University announces new law school dean

%C2%A0

 

Daina Amorosano

A year-long national search for the sixth dean of the Villanova School of Law yielded the appointment of internal candidate John Gotanda, announced in a University-wide e-mail on Oct. 28.

There is a lot going on at the law school in the spring, according to Gotanda, who has served as associate dean for Academic Affairs, associate dean for Research, director of the J.D./M.B.A. program and a professor of law, and has also been both a legal educator and administrative leader at the law school for 16 years. 

In conjunction with his move to dean, the School will be re-evaluating its curriculum and operative structure. Though Gotanda’s appointment technically leaves his current role open, no one person will fill the role next semester. Instead, the School will take a “transition team approach,” according to Gotanda.

“We are going to use this as an opportunity to examine our entire operative structure,” he said. 

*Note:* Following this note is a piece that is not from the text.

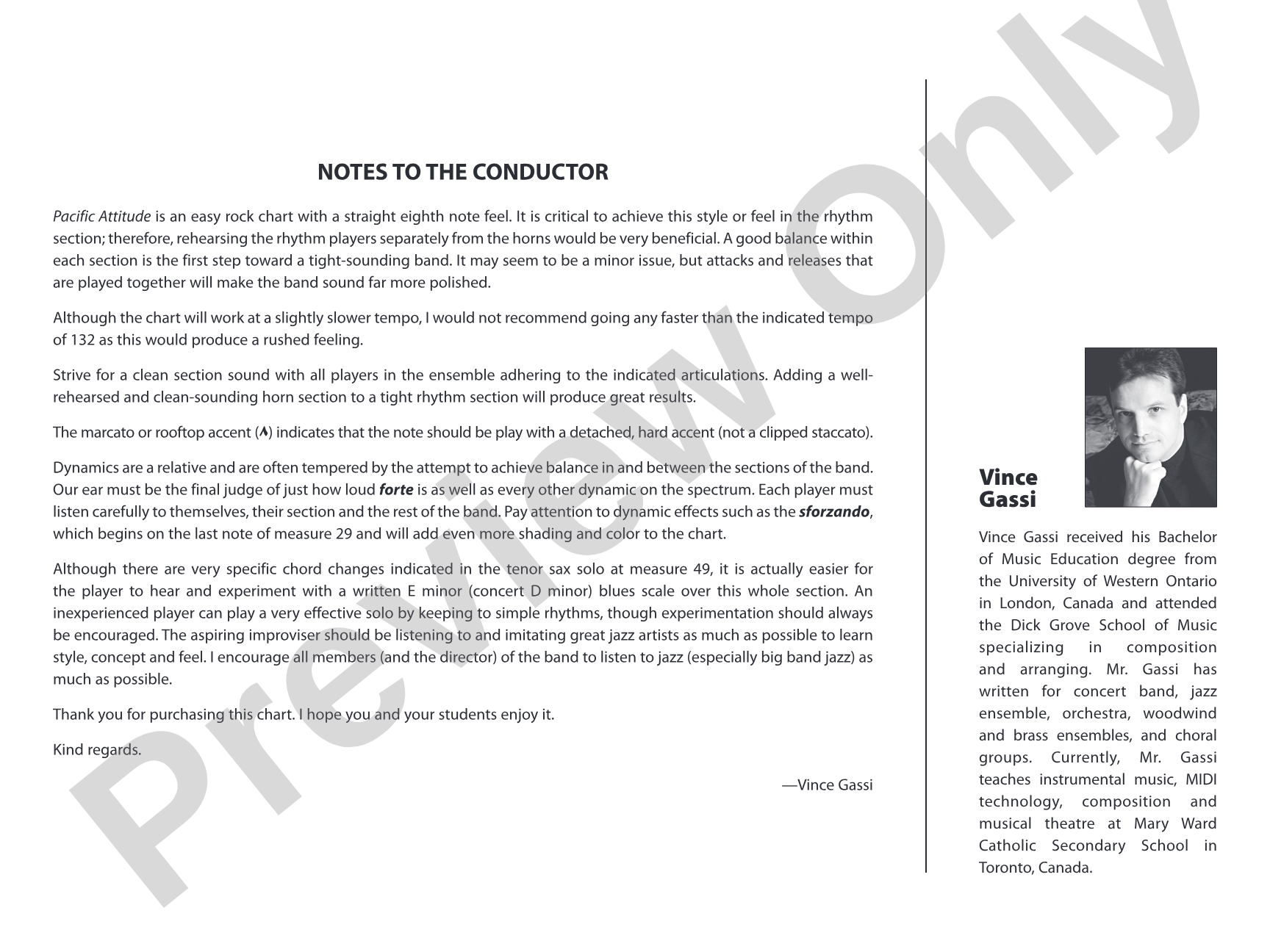 Pacific Attitude: Jazz Ensemble Conductor Score & Parts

Currently, the structure calls for one administrative and one academic dean.

“We might rethink that structure,” Gotanda said. “My goal is within the spring semester to come up with a new structure — or decide that the existing structure works well.”

A committee of Villanova trustees, faculty, administrators and alumni, put together last October by University President Rev. Peter Donohue, O.S.A., led the search for the new dean, according to co-chair of the search committee Paul Tufano, an ’83 alumnus of VSB and ’86 alumnus of VSL who also serves as a member of the Board of Trustees.

To be able to do justice to the search, the committee spent the first couple months doing outreach to stakeholders in the school in order to determine what it sought in the next dean, according to Tufano.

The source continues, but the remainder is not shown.